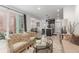 Inviting living space with patio access, open to the kitchen, featuring comfortable seating and stylish decor at 21451 E 60Th Ave, Aurora, CO 80019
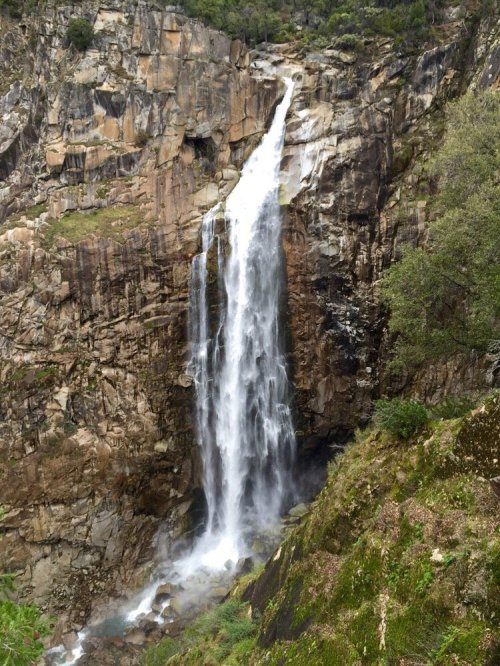 A tall waterfall cascading down rocky cliffs, surrounded by lush greenery and rugged terrain.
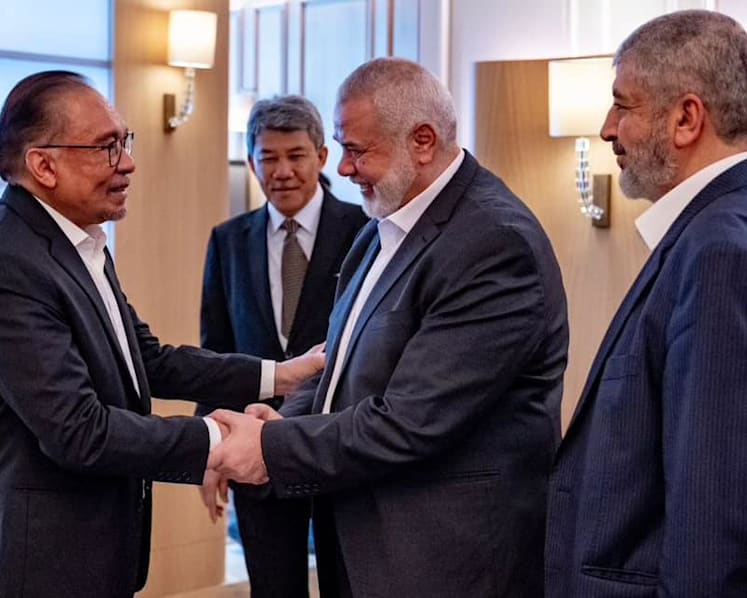 Malaysia PM Anwar meets Hamas leaders in Qatar, urges Israel to stop atrocities against Palestinians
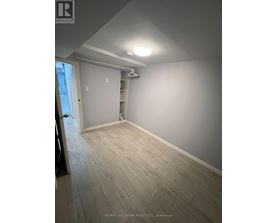 A room with a wooden floor and a white wall.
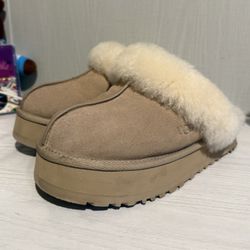 Tan and cream UGG slippers
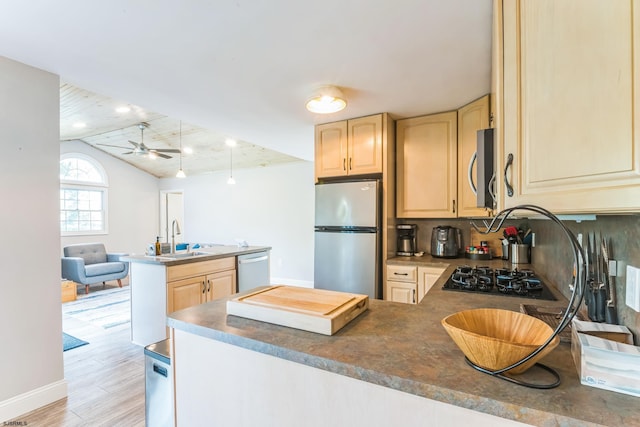 kitchen with light wood-type flooring, sink, kitchen peninsula, appliances with stainless steel finishes, and ceiling fan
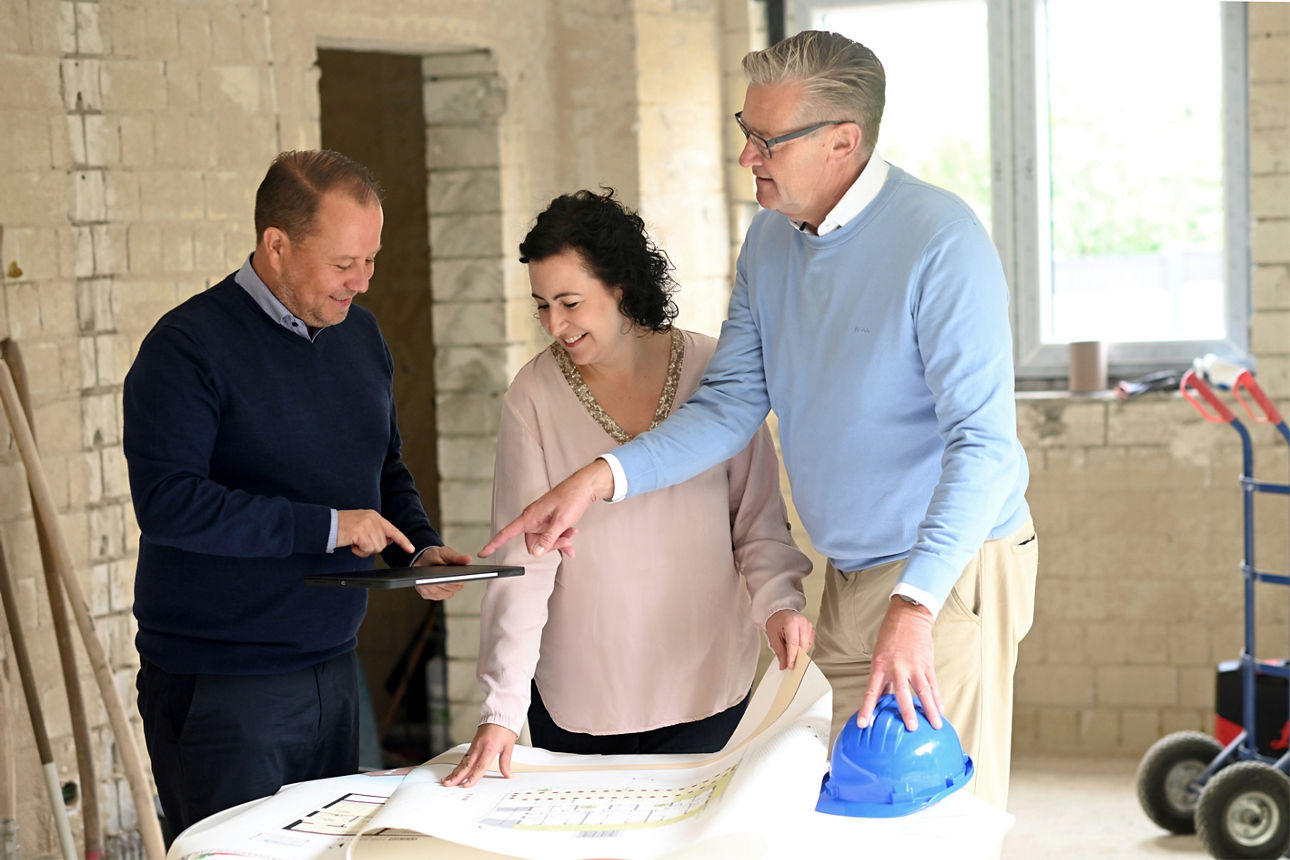 Lächelnde Bankberaterin im Gespräch mit einem Ehepaar im Rohbau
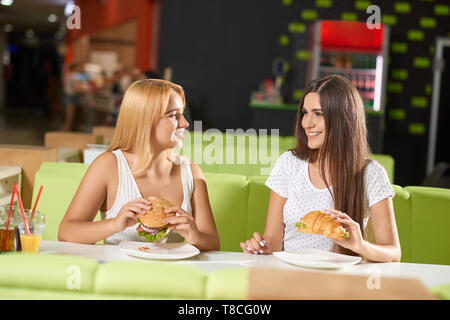 Vue de face de deux filles attirantes manger de délicieux hamburger et croissant dans le café. Brune et blonde sitting at table, regarder, parler et rire. Concept de la réunion. Banque D'Images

> _Task description_
Nothing should appear in the answer except the lines from the one containing "A tall waterfall" through the last line of the listing, given again exactly and with no pictures.

> _Task solution_
 A tall waterfall cascading down rocky cliffs, surrounded by lush greenery and rugged terrain.
 Malaysia PM Anwar meets Hamas leaders in Qatar, urges Israel to stop atrocities against Palestinians
 A room with a wooden floor and a white wall.
 Tan and cream UGG slippers
 kitchen with light wood-type flooring, sink, kitchen peninsula, appliances with stainless steel finishes, and ceiling fan
 Lächelnde Bankberaterin im Gespräch mit einem Ehepaar im Rohbau
 Vue de face de deux filles attirantes manger de délicieux hamburger et croissant dans le café. Brune et blonde sitting at table, regarder, parler et rire. Concept de la réunion. Banque D'Images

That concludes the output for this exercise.